Text
PERLINDUNGAN HUKUM TERHADAP HAK NASAB ANAK DARI PERKAWINAN SIRRI DI DESA GANDING KECAMATAN GANDING KABUPATEN SUMENEP
Budi Hidayat Santoso, 2018, Perlindungan Hukum Terhadap Hak Nasab Anak dari Perkawinan Sirri di Desa Ganding Kecamatan Ganding Kabupaten Sumenep, Skripsi, Program Studi al-Akhwal al-Syakhsyiyyah, Jurusan Syariah, IAIN MADURA, Pembimbing: Dr. Umi Supraptiningsih M. Hum
Kata kunci: Perlindungan Hukum, Hak Nasab Anak, Perkawinan Sirri.
Perkawinan merupakan suatu peristiwa penting bagi manusia, dimana manusia sebagai makhluk sosial tidak dapat hidup sendiri dalam memenuhi kebutuhan hidupnya, manusia dalam fitrahnya diciptakan dengan pasangan hidupnya masing masing. Dikarenakan urusan perkawinan merupakan peristiwa penting dalam kehidupan masyarakat, maka negara berhak mengatur urusan ini dalam suatu aturan yang jelas untuk memberikan perlindungan hukum dan ketertiban dalam kehidupan masyarakat.
Penelitian ini penulis lakukan di Desa Ganding Kecamatan Ganding Kabupaten Sumenep. Dengan tujuan untuk mengetahui perlindungan hukum terhadap hak nasab anak dari perkawinan sirri di Desa Ganding Kecamatan Ganding Kabupaten Sumenep dan tinjauan hukum Islam terhadap hak nasab anak dari perkawinan sirri di Desa Ganding Kecamatan Ganding Kabupaten Sumenep. Adapun yang menjadi subjek dalam penelitian ini adalah pelaku perkawinan sirri dan penghulu desa. Sedangkan yang menjadi objek pada penelitian ini adalah perlindungan hukum terhadap hak nasab anak dari perkawinan sirri.
Berdasarkan hasil penelitian yang telah dilakukan maka penulis dapat mengambil kesimpulan bahwa proses perlindungan hukum terhadap anak yang lahir dari perkawinan di bawah tangan dalam pandangan hukum Islam dan undang-undang no. 1 tahun 1974 yaitu orang tua mengajukan penerbitan akta kelahiran anak setelah melakukan isbath nikah atau pengesahan pernikahan terlebih dahulu serta pencatatan pernikahan di Kantor Kantor Urusan Agama (KUA).
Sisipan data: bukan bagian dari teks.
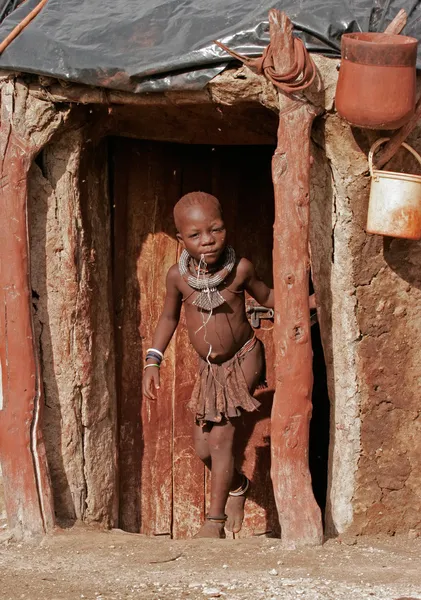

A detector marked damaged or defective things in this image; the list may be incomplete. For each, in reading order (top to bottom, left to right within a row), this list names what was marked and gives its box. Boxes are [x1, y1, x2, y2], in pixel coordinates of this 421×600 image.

rusty metal pot [334, 32, 416, 128]
rusty metal pot [366, 137, 420, 238]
Kedudukan anak yang lahir dari perkawinan di bawah tangan menurut pandangan hukum Islam yaitu anak yang dilahirkan tersebut dianggap sah selama rukun dan syarat nikah orang tuanya terpenuhi dan dilaksanakan menurut hukum masing-masing agama dan kepercayaannya, hal ini berdasarkan pasal 2 ayat (1) Undang-Undang Nomor 1 Tahun 1974 dan Pasal 4 Kompilasi Hukum Islam, sedangkan menurut undang-undang positif yaitu anak dari hasil nikah siri atau perkawinan di bawah tangan hanya mempunyai hubungan keperdataan dengan ibunya dan keluarga ibunya. Sedangkan setelah adanya putusan MK No 46/PUU-VIII/2010, anak dari hasil nikah siri atau nikah di bawah tangan tidak hanya memiliki hubungan perdata dengan ibu dan keluaarga ibunya, akan tetapi dapat pula memiliki hubungan keperdataan dengan ayahnya jika mendapat pengakuan dari ayah biologisnya atau dapat dibuktikan dengan ilmu pengetahuan dan teknologi.